The government, however, seems unmoved by last week’s clashes. On the contrary. While the prime minister, who usually basks in media spotlight, remained silent on the issue, members of his center-right GERB party signaled that resignation is currently not on the table.

“We won’t resign. If we do it, this would mean that every other government could be toppled by representatives of the underworld,” Toma Bikov, a lawmaker from the ruling party, told parliament on Thursday.

Constitutional conundrums

To resist calls for his resignation, Borissov’s strategy has been to begin parliamentary discussions on a new constitution. But even beginning those discussions threatens to undermine an international reputation that he has long fought to safeguard.

In order to kick off the parliamentary sessions on his new constitution, the prime minister needed support from the Internal Macedonian Revolutionary Organization (IMRO), a nationalist party and a junior partner in the current government.

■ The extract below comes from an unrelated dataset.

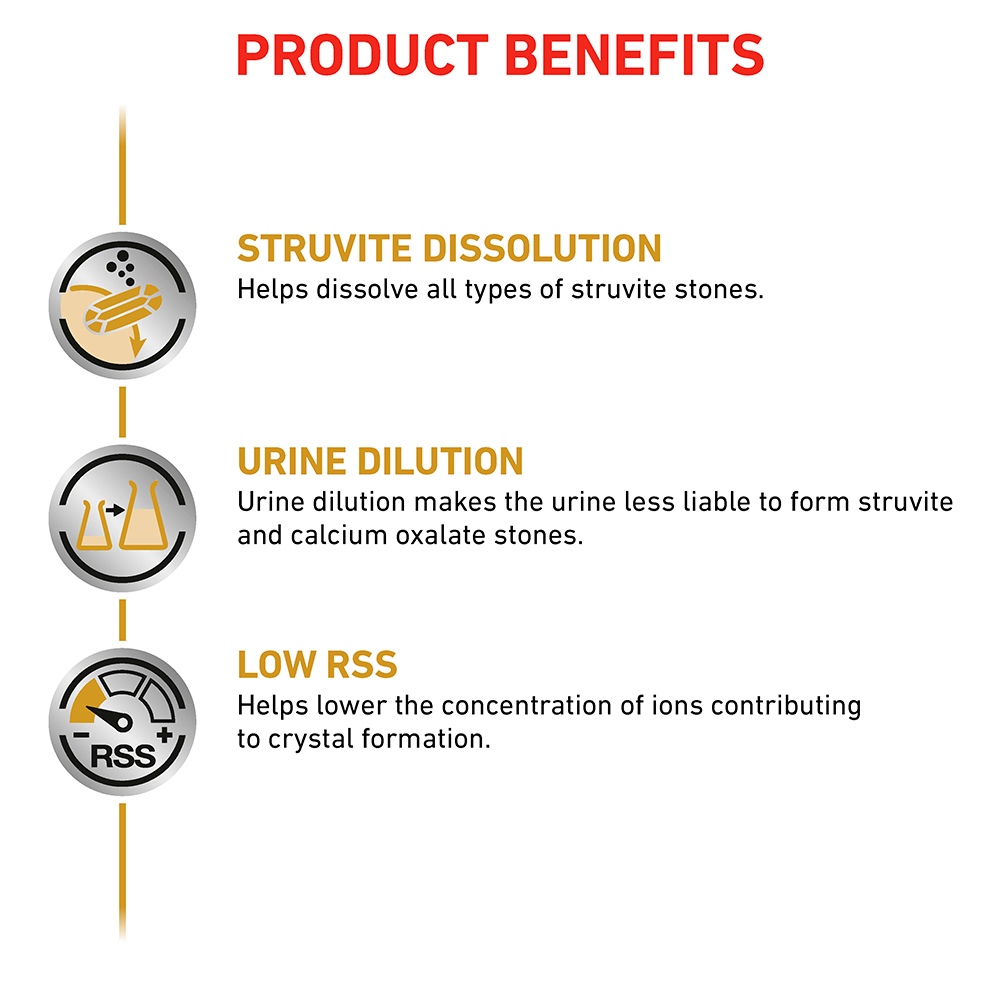 Why Is My Dogs Urine So Diluted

The party wants mandatory voting, to define marriage as a union between a man and a woman (stated in the current constitution), and protect the rights of “ethnic” Bulgarians. Three other proposals — introducing literacy as a qualification for voting, the return of obligatory military service, and expanding the powers of the president — could be put to a referendum.

Some observers see the education requirement as discriminatory. Krasimir Karakachanov, head of IMRO and deputy prime minister, is notorious for his anti-Roma rhetoric. Last year he pushed for a plan which aims to integrate “unsocialized gypsies” and what he called “gypsy crime.”

Ruzha Smilova, a politics professor at Sofia University, called the education qualification an “absurd idea.”

“If approved, such changes will automatically exclude us from the Council of Europe and the European Union because they violate the European Convention of Human Rights which stipulates that voting is fundamental human rights,” she said.

In another embarrassing revelation of the way Bulgaria works, Borissov also needed to secure the support of Veselin Mareshki, founder of the populist Volya party, and some of his deputies to initiate the constitutional debates.

Mareshki had oscillated between opposing and supporting the constitution amendments, but he decided to sign the draft last week. The very same day he and some of his fellow party members offered their support for the new constitution, Bulgarian media reported that companies allegedly linked to him had won public tenders to manage a beach on the Black Sea.

Mareshki distanced himself from suggestions that he had supported Borissov because of the beach, but insisted that his main political consideration was he wanted to prevent the Socialist Party and ethnic Turkish party from thwarting GERB.

On Friday in an interview for bTV, Mareshki candidly admitted he supported the draft constitution without even reading it.